Вслед за этим, если верить судебным материалам, Беседовский получил командировочные деньги на проезд в Москву, но, узнав, что в Париже ждут Ройзенмана, поспешно составил акт об уничтожении оправдательных документов на взятые им ранее под отчет 10 тыс. долларов. Он действительно находился в чрезвычайном нервном возбуждении, не зная, что предпринять, и ожидая самого худшего. Беседовскому уже всюду мерещились явные и тайные агенты ОГПУ, следящие за каждым его шагом, и он не расставался с двумя заряженными револьверами, из которых несколько раз стрелял в потолок, выскакивая в коридор при малейшем шорохе за дверью своего кабинета.
«Если бы такое положение продлилось одну-две недели, — признавался Беседовский, — я бы несомненно сошел с ума…». [64] Беседовский Г. На путях к термидору. С.338.
Грозный ревизор ЦКК появился в Париже 2 октября, и в тот же день Политбюро решило:
а) Предложить т. Аренсу свои меры в отношении Беседовского принять по согласованию их с т. Ройзенманом.
б) Предложить т. Ройзенману учесть указания, данные в телеграмме т.

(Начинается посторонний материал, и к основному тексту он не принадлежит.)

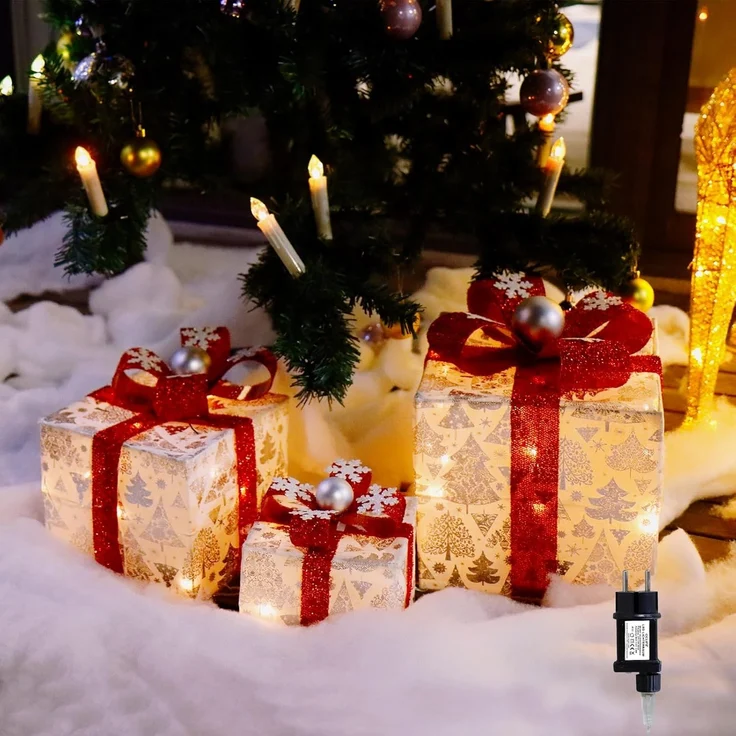 CCLIFE Dekokorb LED Geschenkbox Weihnachten Weihnachtenbox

Бродовскому от 29 сентября, о максимальной тактичности в отношении Беседовского.
Одновременно Ройзенману, копия — Аренсу, направляется шифровка с утвержденным Политбюро текстом:
По политическим соображениям, и чтобы окончательно не оттолкнуть Беседовского, производство обыска считаем нежелательным без самой крайней необходимости. [65] РГАСПИ, ф. 17, оп. 162, д. 7, л. 170.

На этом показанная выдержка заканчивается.